Auto industry urges Pakistan central bank to raise car financing cap
Assemblers and parts makers say PKR 3 million limit no longer fits market after price surge

Haris Zamir
Business Editor
Experience of almost 33 years where started the journey of financial journalism from Business Recorder in 1992. From 2006 onwards attached with Television Media worked at Sun Tv, Dawn Tv, Geo Tv and Dunya Tv. During the period also worked as a stringer for Bloomberg for seven years and Dow Jones for five years. Also wrote articles for several highly acclaimed periodicals like the Newsline, Pakistan Gulf Economist and Money Matters (The News publications)

Pakistan’s auto assemblers and parts manufacturers have urged the State Bank of Pakistan to remove its cap on auto financing, saying the current limit is constraining sales, local production and job creation at a time when vehicle prices and borrowing costs have shifted sharply.
Industry groups have asked that the financing cap be increased to PKR 7 million ($25,000) from the existing PKR 3 million, a threshold introduced in 2021.

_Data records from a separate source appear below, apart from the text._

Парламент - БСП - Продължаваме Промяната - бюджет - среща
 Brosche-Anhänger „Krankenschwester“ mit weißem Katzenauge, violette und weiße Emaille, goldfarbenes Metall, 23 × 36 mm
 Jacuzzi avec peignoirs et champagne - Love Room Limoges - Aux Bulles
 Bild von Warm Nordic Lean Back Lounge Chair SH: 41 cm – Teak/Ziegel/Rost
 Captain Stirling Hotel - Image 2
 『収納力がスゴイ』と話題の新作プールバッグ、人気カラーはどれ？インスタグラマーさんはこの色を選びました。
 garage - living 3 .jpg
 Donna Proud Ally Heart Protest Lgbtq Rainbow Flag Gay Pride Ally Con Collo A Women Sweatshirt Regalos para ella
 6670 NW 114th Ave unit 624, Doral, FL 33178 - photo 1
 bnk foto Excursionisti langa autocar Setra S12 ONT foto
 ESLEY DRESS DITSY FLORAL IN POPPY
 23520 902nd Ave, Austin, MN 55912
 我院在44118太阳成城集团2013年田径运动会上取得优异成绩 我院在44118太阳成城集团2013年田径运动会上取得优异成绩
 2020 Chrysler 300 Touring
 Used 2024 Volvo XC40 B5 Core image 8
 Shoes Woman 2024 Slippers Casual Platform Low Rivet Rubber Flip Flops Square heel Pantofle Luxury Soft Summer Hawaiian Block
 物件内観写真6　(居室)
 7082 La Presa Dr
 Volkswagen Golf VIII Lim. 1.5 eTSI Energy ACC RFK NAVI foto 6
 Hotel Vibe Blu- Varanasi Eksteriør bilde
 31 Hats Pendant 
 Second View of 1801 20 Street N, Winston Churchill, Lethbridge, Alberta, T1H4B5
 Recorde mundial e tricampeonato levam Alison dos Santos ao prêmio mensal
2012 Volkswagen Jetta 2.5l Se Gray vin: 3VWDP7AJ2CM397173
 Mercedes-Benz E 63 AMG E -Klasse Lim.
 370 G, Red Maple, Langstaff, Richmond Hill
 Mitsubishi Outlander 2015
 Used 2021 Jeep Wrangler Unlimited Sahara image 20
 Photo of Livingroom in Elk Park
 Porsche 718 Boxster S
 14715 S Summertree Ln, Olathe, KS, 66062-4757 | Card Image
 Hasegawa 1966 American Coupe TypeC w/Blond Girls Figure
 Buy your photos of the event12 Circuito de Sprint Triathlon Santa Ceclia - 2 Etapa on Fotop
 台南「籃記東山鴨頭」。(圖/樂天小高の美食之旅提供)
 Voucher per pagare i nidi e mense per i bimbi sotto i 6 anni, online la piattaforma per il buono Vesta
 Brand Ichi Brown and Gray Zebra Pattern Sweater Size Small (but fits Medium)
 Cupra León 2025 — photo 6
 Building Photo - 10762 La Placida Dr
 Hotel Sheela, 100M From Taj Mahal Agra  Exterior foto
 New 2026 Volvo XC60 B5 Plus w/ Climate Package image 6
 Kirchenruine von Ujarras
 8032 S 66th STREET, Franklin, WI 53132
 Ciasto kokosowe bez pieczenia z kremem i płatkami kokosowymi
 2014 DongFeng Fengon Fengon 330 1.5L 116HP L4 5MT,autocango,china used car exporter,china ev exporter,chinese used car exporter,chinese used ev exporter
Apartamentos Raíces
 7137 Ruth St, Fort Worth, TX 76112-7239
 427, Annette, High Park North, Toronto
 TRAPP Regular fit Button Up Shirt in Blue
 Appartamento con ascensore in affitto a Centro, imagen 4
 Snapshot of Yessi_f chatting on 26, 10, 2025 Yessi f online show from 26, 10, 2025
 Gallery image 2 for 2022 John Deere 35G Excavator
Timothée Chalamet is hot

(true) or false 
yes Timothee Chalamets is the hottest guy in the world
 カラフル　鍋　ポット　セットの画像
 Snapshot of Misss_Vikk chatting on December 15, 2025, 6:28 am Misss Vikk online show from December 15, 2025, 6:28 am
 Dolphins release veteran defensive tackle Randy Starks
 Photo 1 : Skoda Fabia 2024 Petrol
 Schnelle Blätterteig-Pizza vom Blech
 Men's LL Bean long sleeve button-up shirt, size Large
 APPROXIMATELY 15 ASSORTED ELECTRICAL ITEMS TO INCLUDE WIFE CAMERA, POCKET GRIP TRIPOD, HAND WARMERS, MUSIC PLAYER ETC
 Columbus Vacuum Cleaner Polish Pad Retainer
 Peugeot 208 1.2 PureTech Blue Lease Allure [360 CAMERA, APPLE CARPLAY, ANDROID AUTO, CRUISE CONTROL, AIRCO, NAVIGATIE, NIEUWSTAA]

Since then, car prices in the domestic market have more than doubled, with some models seeing even steeper increases.
“The financing limit has effectively priced out a large segment of potential buyers,” said an auto sector analyst, noting that the price of the popular Suzuki Alto has risen by more than 70% since the cap was imposed. “With vehicle prices far above where they were in 2021, the current ceiling no longer reflects market realities and is suppressing demand.”
The Pakistan Auto Makers Association said the higher cap would help boost local production, increase government revenue through higher sales volumes and support employment across the automotive value chain. Industry executives also pointed to the impact of a prolonged high-interest-rate environment, which weighed on auto sales in recent years.
Although the central bank’s policy rate peaked at around 22% in June 2024, it has since been reduced by about 1,050 basis points, creating room for policymakers to revisit auto financing rules, the association said.
Separately, the Pakistan Association of Automotive Parts & Accessories Manufacturers (PAAPAM) has called on the central bank to remove the PKR 3 million cap altogether, arguing it would provide immediate relief to car buyers and accelerate growth in the local automotive industry.
The appeal was reiterated during a recent visit by Federal Minister for Commerce Jam Kamal Khan to the Bin Qasim automotive cluster, where he toured facilities operated by Pak Suzuki Motor Company and Tecno Auto Glass Factory. The minister was briefed on local parts production and ongoing indigenization efforts.
Khan praised the quality of locally manufactured automotive components and underscored the sector’s contribution to gross domestic product, employment and technology transfer. He described the auto industry as a key driver of economic activity and expressed optimism that sales of locally produced vehicles would rise as government policies discourage imports of used cars.
PAAPAM welcomed those measures, saying they strengthen the domestic supply chain and provide critical support to local parts manufacturers.
Looking ahead, the commerce minister said Pakistan’s annual car production, currently under 200,000 units, could rise to between 500,000 and 1 million units with the right policy support, creating significant investment opportunities. Enhanced auto financing facilities would be essential to achieving that growth, he said.
Analysts agree that easing financing constraints could provide a near-term boost. “Lower interest rates and a higher financing cap together could unlock pent-up demand,” the analyst said. “Without adjusting the cap, however, the benefits of monetary easing may not fully translate into higher auto sales or production.”